‘Better international policy coalition crucial to beat nation-state attacks’

Taking on global cyber security challenges will need strategic policy coalitions in order to address the increasing threats posed by nation-state attackers and even local scammers being distributed around the world, said Sean Joyce, partner and global cyber security leader at consultancy firm PricewaterhouseCoopers (PwC).

Speaking about the geopolitically distributed challenge of cyber security, Joyce, who stepped down as the deputy director of the US Federal Bureau of Investigation (FBI) in 2013, said, “The reason why most cyber attackers are not arrested is because they’re not physically in the country where they’re committing the crime. A global coalition of common standards across multiple countries is imperative, and it’s important to start considering how we can exchange people and information better.”

Joyce’s statement comes as more bodies globally have raised the need for global policy and operational coordination to trace cyber crimes.
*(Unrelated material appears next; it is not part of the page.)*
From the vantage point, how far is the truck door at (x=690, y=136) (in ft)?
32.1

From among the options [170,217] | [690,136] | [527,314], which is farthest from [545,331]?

In October, the World Economic Forum (WEF)’s international coordination effort, Cybercrime Atlas, underpinned global law enforcement body Interpol’s ‘Operation Serengeti’—which saw the arrest of 1,006 cyber criminals across 19 nations and the recovery of over $192 million in lost assets spread across a diverse array of cyber attacks.

Joyce added that such operations make for “a good place to start”, based on “nations forming informal coalitions based on a mutually-agreed-upon set of norms.”

To conduct this, the executive added that central law enforcement bodies would be key to enabling such coordination. “Federal investigation agencies must start playing bigger roles in global cyber security coordination. When we look at advanced persistent threats (APTs), no company can defend against a sophisticated nation-state attack. There are certain nations that are notorious for this,” he said.

Challenges in arresting cybercriminals

The coordination issue is a key factor in India, too. In October last year, prime minister Narendra Modi underlined a rising volume of ‘digital arrests’—scams where coordinated groups of cyber scammers steal millions from victims by posing as law enforcement officials. Elucidating the threat posed by such scams, Sivarama Krishnan, partner and leader for cyber security in India and PwC, added that a key factor that delays investigations is the lack of coordination among law enforcement bodies.

“While the US has a central investigation agency that can take inter-state matters into their hands based on an executive order, the same cannot happen in India since most of India’s law-keeping matters are state affairs and are also divided between various entities. The moment two states within India are involved in a criminal investigation, the response speed drastically decreases. Given the speed of digital transactions today, the stolen money is distributed across a vast network of accounts and often becomes untraceable. This is a big challenge that remains to be addressed within India itself, let alone across nations,” Krishnan said.

To be sure, India’s Computer Emergency Response Team (Cert-In), in July 2022, was empowered by the Centre to become the nodal cyber incident reporting platform for law enforcement coordination. However, individuals are still at risk as various law enforcement entities react depending on their jurisdictions.

In November, the Indian Cyber Crime Coordination Centre (I4C) said that India’s net losses to cybercrime scaled $1.2 billion within the first nine months of 2024. The rising volume underlined the need for a centrally coordinated body akin to central investigation agencies, which could speed up investigations across borders and accelerate recoveries, the executives said.

Global cyber security professionals have underlined the benefits, too. In November, a whitepaper by Natalia Umansky, project coordinator at WEF’s Cybercrime Atlas, said that early signs of cross-border coordination are encouraging. “The aim is to have a systematic disruptive impact on cybercrime, and the path towards it is clear. It is also clear that industry partnerships, as well as collaborations between industry and the public sector, will be a driving force in making the internet a hostile environment for cybercriminals,” she said.